# wpa_supplicant & ipw3945

## menschmeier

Hi,

I am trying to improve the behavior of my wlan.

Very often when I booting the wlan stays down, and I got errors like:

 *Quote:*   

> ...
> 
>  *   Wireless radio has been killed for interface eth1   
> 
> ...

 

or  *Quote:*   

> ...
> 
> Error for wireless request "Set ESSID" (8B1A) :
> 
>     SET failed on device eth1 ; No such device.
> ...

 

The /etc/init.d/net.eth1 script is not able to start the device. Instead I have to kill the daemon, unload and load ipw3945, doing some iwconfig stuff .... to start the device.

This happend only sometimes, not always, but about 50%.

So I hoped wpa_supplicant does improve this.

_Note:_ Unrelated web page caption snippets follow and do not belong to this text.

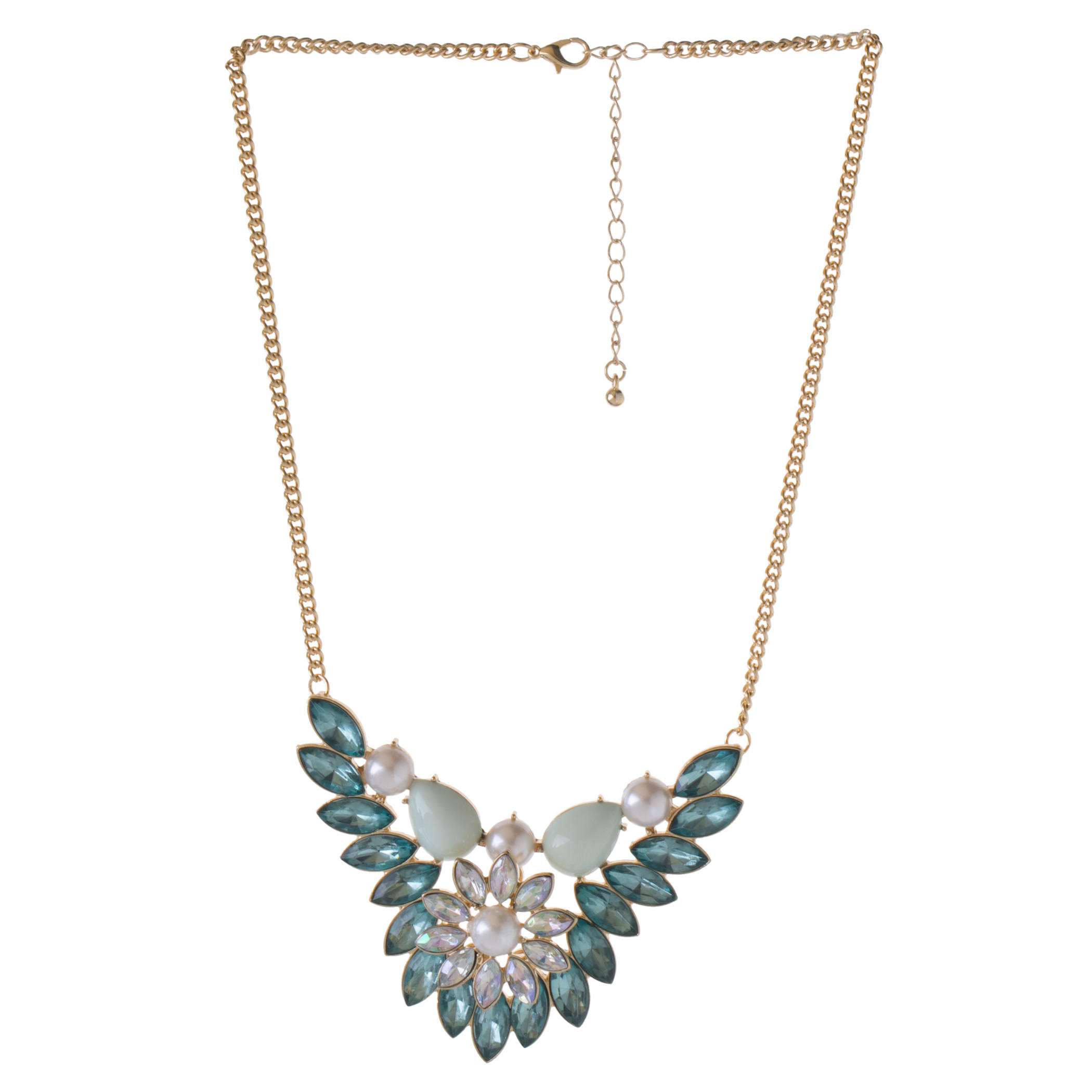 Embellished Bib Necklace-women-watchesandjewellery-jewellery-necklacesandpendants-image-2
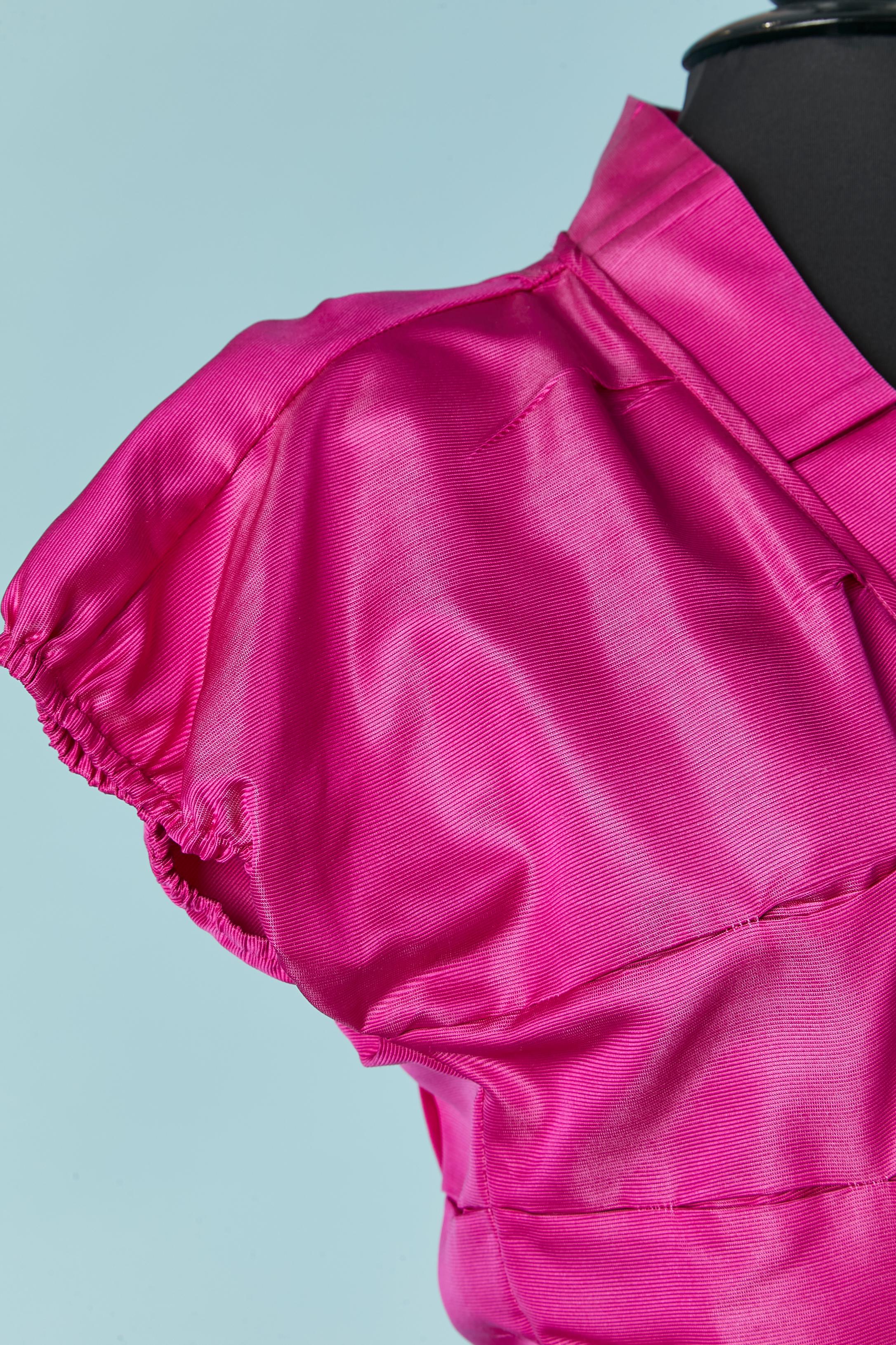 Fushia silk wrap dress Diane Von Furstenberg In Excellent Condition For Sale In Saint-Ouen-Sur-Seine, FR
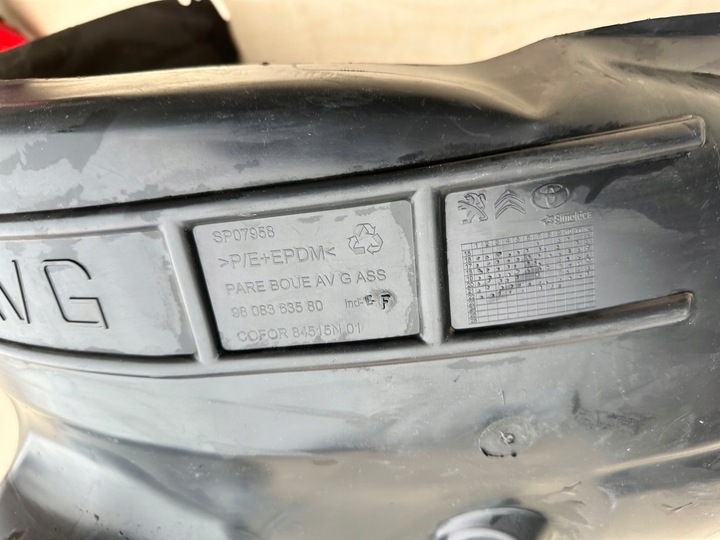 фото №13, Підкрилок перед лівий toyota proace 2020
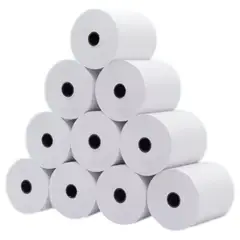 OEM - Pack de 10 Rollos Térmicos 57mmx30mm Estándar Maquinas POS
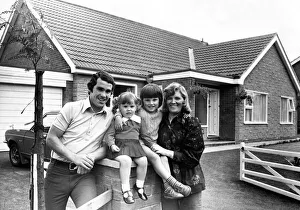 Newcastle United Gallery: Newcastle United player Bob Moncur pictured with his wife Camille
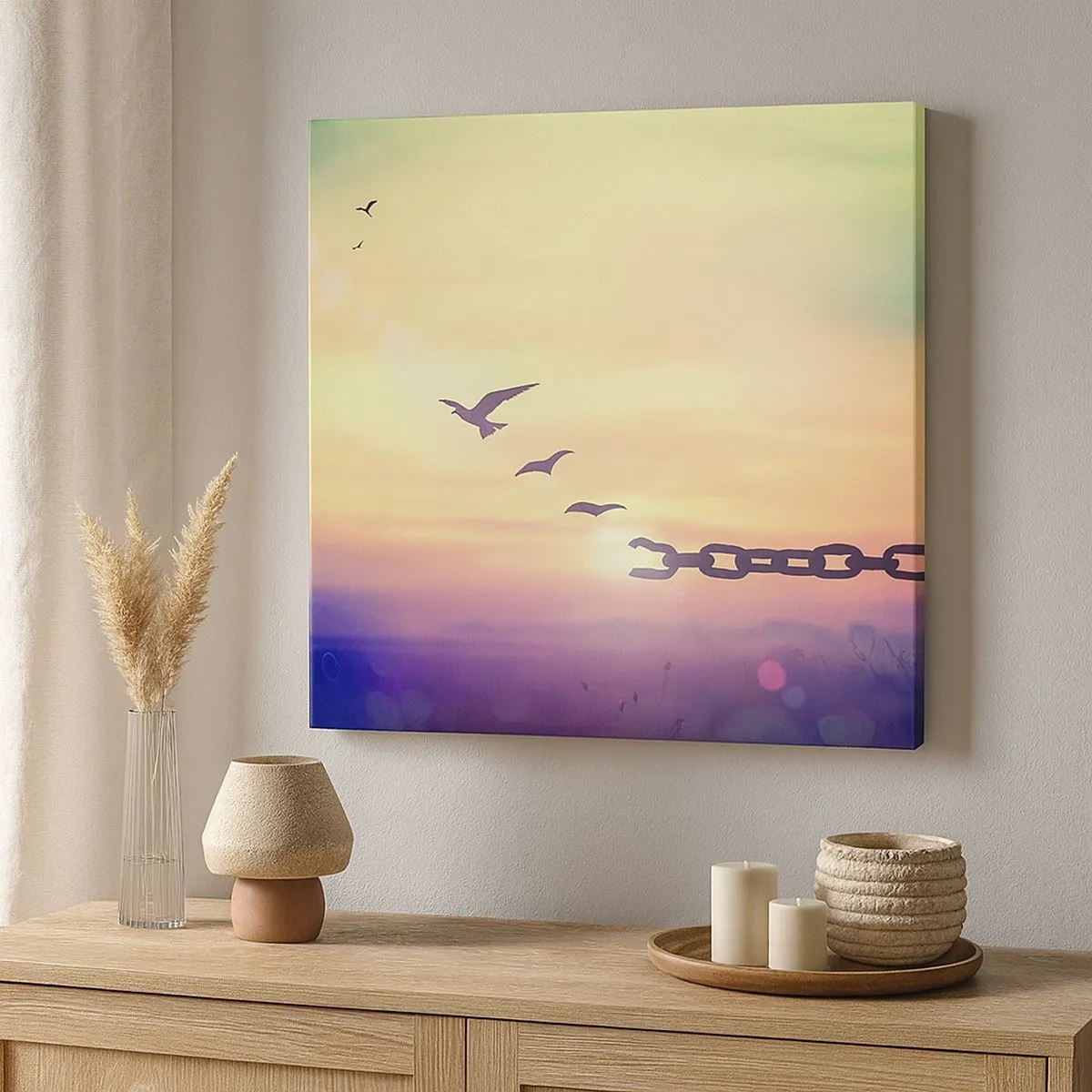 Cuadro sobre lienzo - Impresión de Imagen - Victoria de la libertad - 30x30 cm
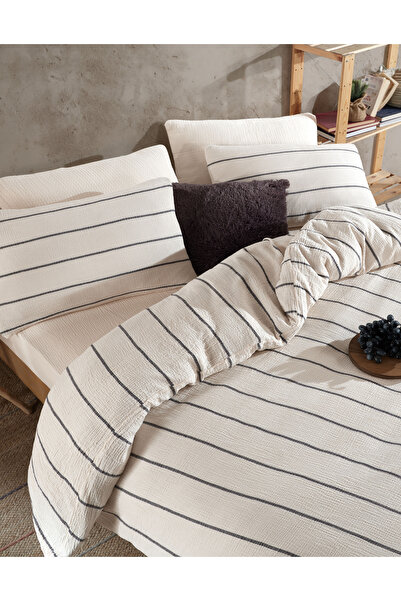 destinyhometex Premium 100% Cotton Single Muslin Duvet Cover Set 160X220 cm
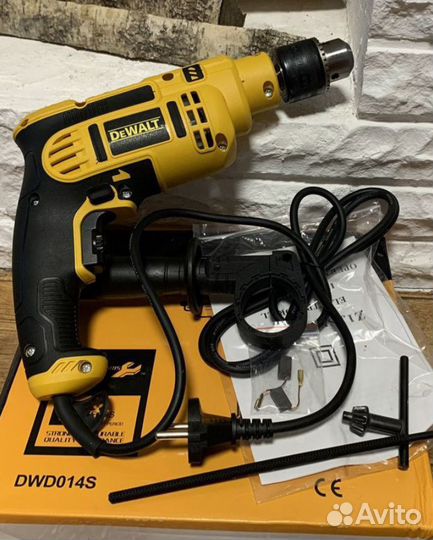 Дрель dewalt DWD014S 13 мм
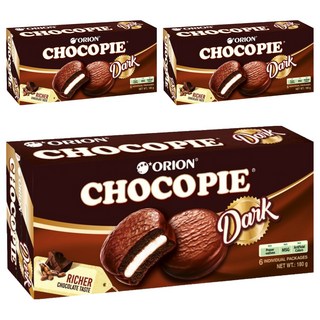 ORION 好麗友 黑巧克力派, 180g, 3盒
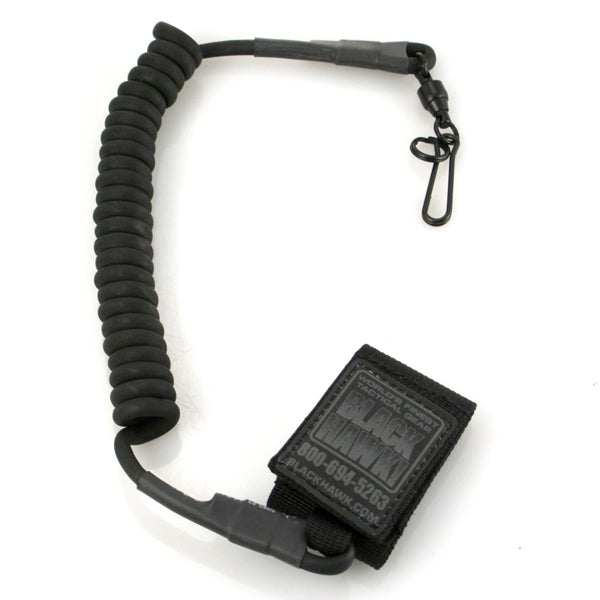 Blackhawk Tactical Pistol Lanyard Swivel Coil Black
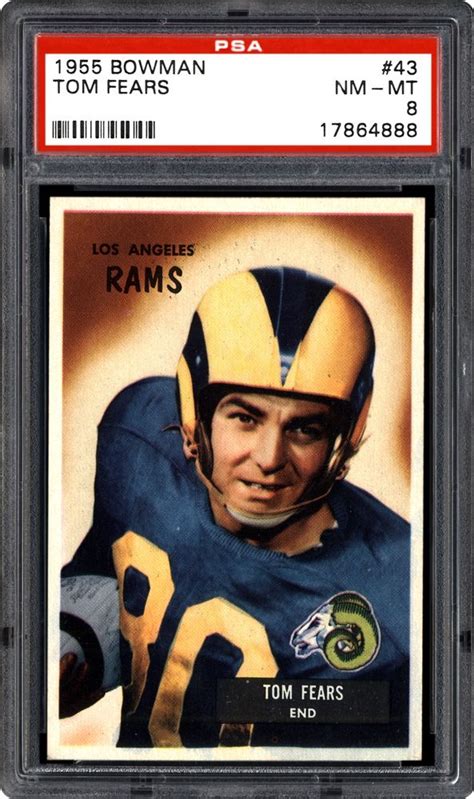 Auction Prices Realized Football Cards 1955 Bowman Tom Fears
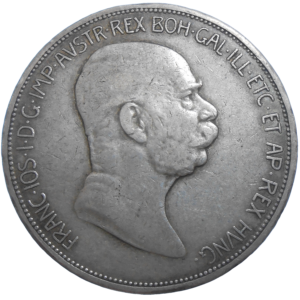 František Jozef I. 5 Koruna 1908 Jubilejná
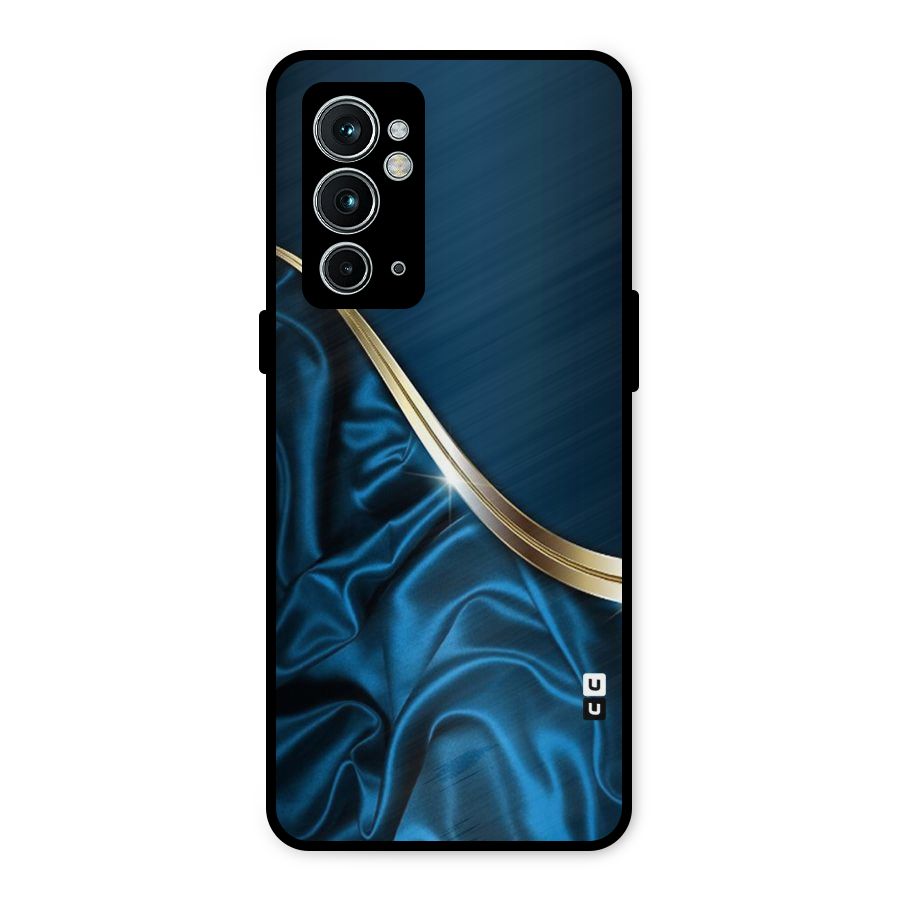 Blue Smooth Flow Metal Back Case for OnePlus 9RT 5G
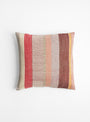 The Multi Stripe Cushion Orange from ML Fabrics at Couverture and The Garbstore ghost 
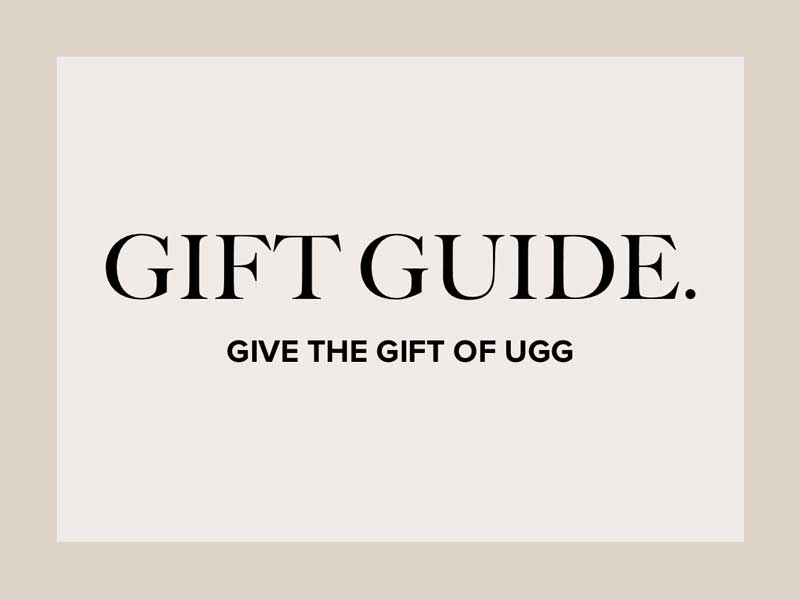 Gift guide. Spring 2021 UGG Banner.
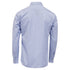 Men's Z Zegna Button-Down Long Sleeve Shirt in Blue Cotton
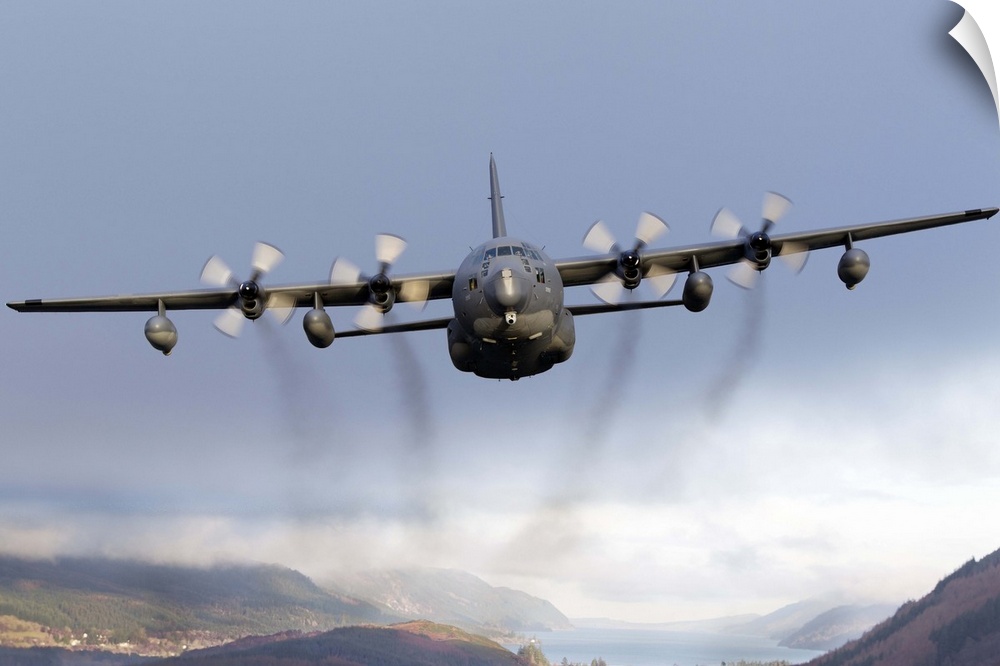 MC-130P Combat Shadow of the 67th Special Operations Squadron/352nd Special Operations Group stationed at RAF Mildenhall, ...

So I emerged net-wireless/wpa_supplicant and changed /etc/conf.d/net to

 *Quote:*   

> modules=( "wpa_supplicant" )
> 
> #wpa_supplicant_eth1="-Dipw3945" I have to remove this line to avoid an error saying module not found
> 
> config_eth0=( "192.168.1.33/24" )
> ...

 

and /etc/wpa_supplicant/wpa_supplicant.conf to:

 *Quote:*   

> network={
> 
>         ssid="myessid"
> 
>         psk="mypasswd"
> ...

 

The problem is the config of the driver, wpa_supplicant says:

 *Quote:*   

> ## /etc/init.d/net.eth1 restart
> 
>  * Starting eth1
> 
>  *   Wireless radio has been killed for interface eth1
> ...

 

What do I have done wrong?

menschmeier

----------

## jsfan

I can't tell you what you do wrong. However, I can tell you that your problem is completely unaffected by wpa_supplicant.

I also get the error about the wireless having been killed and sometimes a few tries will help. In fact I usually get this error on first

attempt, on second attempt it will tell me that my driver cannot scan for APs and on third it will connect.

Sometimes I have to unload and reload the ipw3945 (the daemon gets restarted anyway in recent versions).

The errors you see when restarting a device that uses wpa_supplicant are the same as mine. Only unloading and

reloading ipw3945 helps but this will already restart wpa_supplicant, too, so that I never have to start net.eth0

(for me it is eth0), anyway.

One thing I can help you with, however. There is not driver ipw3945 in wpa_supplicant. You have to use -Dwext .

About the killed wireless, my impression is that this only happens when the signal quality is low. With good signal quality

I seem to have this problem a lot less.

----------

## dspahn

I have been using a 3945 for almost a year now. I have had this problem, just like what you two have mentioned. I have decided that it is the nature of the beast- not being a coder myself, I can't improve the problem, but I can suggest how I made it bearable: I created a script that unloads the module, kills the daemon, stops wpa_supplicant, then brings things back up. Nothing special to it, just put the commands you normally have to use to fix it and put sleep commands on every other line to give things time to kick in. You can then set it to run during startup (By copying it to /etc/init.d and using rc-update add wireless default (I called my script wireless). Works great for me.

----------

## menschmeier

Hi jsfan,

If I configure /etc/conf.d/net like this I could not manage the wlan device - not even manually ...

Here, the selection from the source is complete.